[EXTRACTED MATERIAL]
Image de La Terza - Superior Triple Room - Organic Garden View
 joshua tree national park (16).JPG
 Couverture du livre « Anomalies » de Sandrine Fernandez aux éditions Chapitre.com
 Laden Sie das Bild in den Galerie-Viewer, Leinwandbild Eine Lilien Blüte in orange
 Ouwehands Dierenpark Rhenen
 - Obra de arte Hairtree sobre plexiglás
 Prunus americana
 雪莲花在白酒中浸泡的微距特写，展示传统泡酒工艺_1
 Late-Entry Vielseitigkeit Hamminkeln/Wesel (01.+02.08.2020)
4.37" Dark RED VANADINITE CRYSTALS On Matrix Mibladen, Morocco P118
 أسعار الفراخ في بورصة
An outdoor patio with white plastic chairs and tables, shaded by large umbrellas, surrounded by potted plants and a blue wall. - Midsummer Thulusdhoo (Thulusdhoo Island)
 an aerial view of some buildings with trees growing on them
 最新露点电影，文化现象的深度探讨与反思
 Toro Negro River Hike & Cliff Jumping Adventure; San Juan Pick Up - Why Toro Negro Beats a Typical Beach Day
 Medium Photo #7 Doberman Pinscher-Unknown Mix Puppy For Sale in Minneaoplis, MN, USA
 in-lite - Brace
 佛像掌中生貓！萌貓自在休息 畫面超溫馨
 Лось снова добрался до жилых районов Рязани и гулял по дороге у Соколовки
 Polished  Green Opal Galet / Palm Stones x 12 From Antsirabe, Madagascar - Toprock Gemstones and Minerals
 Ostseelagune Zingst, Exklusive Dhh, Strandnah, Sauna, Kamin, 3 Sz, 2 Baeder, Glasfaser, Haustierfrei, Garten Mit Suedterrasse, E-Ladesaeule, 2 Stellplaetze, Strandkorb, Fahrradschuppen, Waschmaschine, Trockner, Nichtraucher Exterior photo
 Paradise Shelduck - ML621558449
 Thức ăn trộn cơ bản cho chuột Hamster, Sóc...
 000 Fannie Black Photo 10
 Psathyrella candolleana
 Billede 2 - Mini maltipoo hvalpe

[TASK TO COMPLETE] Filtering the entries above by the word "with", copy each line that matches.

[SOLUTION FOR THIS TASK]
An outdoor patio with white plastic chairs and tables, shaded by large umbrellas, surrounded by potted plants and a blue wall. - Midsummer Thulusdhoo (Thulusdhoo Island)
 an aerial view of some buildings with trees growing on them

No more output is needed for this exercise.